Unless you've shot your airgun through a chronograph, you don't really know what its doing. The advertised velocities of break-barrel guns is almost always off. Its probably doing something like 300-400fps or less if it isn't shooting deep into the coon. Basically like a Red-Ryder. Break-action airguns often are cheaply made and the seals go bad on them easy. My brother brought me one last week that we choreographed at under 400fps, but you couldn't tell it from shot noise or watching the impact.
A standard weight .177 pellet impacting at 850fps should be able to penetrate a coon's skull pretty easy presuming it doesn't hit an angle and deflect. At an impact velocity of 850fps, a .177 pellet will provide about 7 inches of penetration into ballistics gel. The formula for calculating penetration into ballistics gel is projectile weight x 100 / 7000 /.caliber/.caliber x 2.06 x impact velocity (expressed as 1.0 for 1000fps). The formula is conservative if anything.

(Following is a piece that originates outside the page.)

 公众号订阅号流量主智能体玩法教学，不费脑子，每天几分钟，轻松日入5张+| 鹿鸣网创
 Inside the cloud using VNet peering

If you aren't getting penetration equal or more than what the formula would predict, your velocity isn't as fast as you think it is.

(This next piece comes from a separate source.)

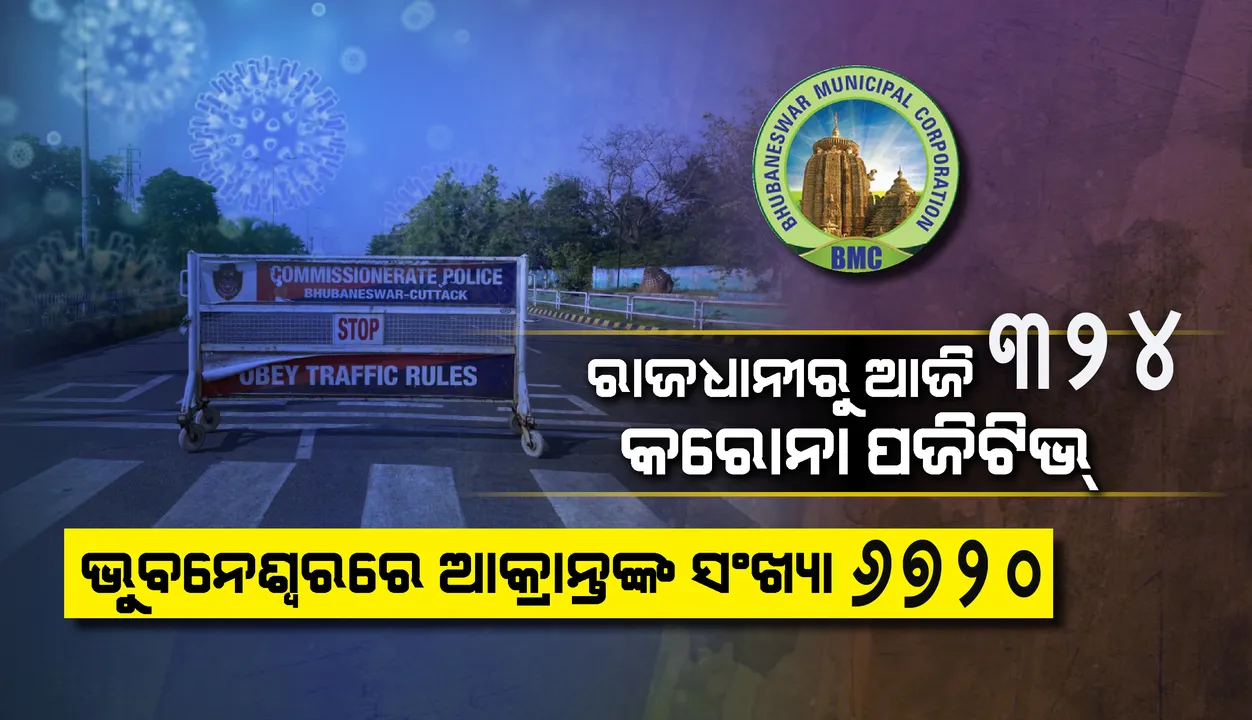  ଭୁବନେଶ୍ୱରରୁ ଆଜି ୩୨୪ କରୋନା ଆକ୍ରାନ୍ତ, ସ୍ଥାନୀୟ ସଂକ୍ରମଣ ୧୫୧ ଜଣ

If you browse around on my channel, you'll see video documentation of scores of clean kills using PCP air-rifles on all manner of larger game, including raccoons, beaver, fox, whitetail deer, wild turkey, and wild hog with calibers ranging from .177 to .45.

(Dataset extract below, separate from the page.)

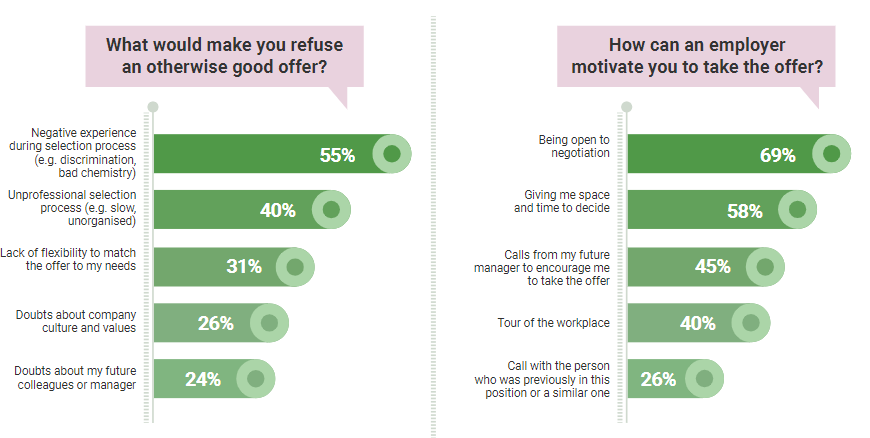 reasons to accept or reject job offer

Here's a wound channel into hard, thick, wet, clay at 50 yards with my .308 airgun. The wound channel was 10 inches deep and my fist could fit inside the largest part of the cavity. That will kill the heck out of a deer or a coyote, much less any varmint that would be prowling around the coop. Its gross overkill on a chicken, but I have used this gun to cull chickens with the power turned down to shoot light pellets. I don't find the .177 or the .22s any less effective so I see no reason not to use them for simply culling.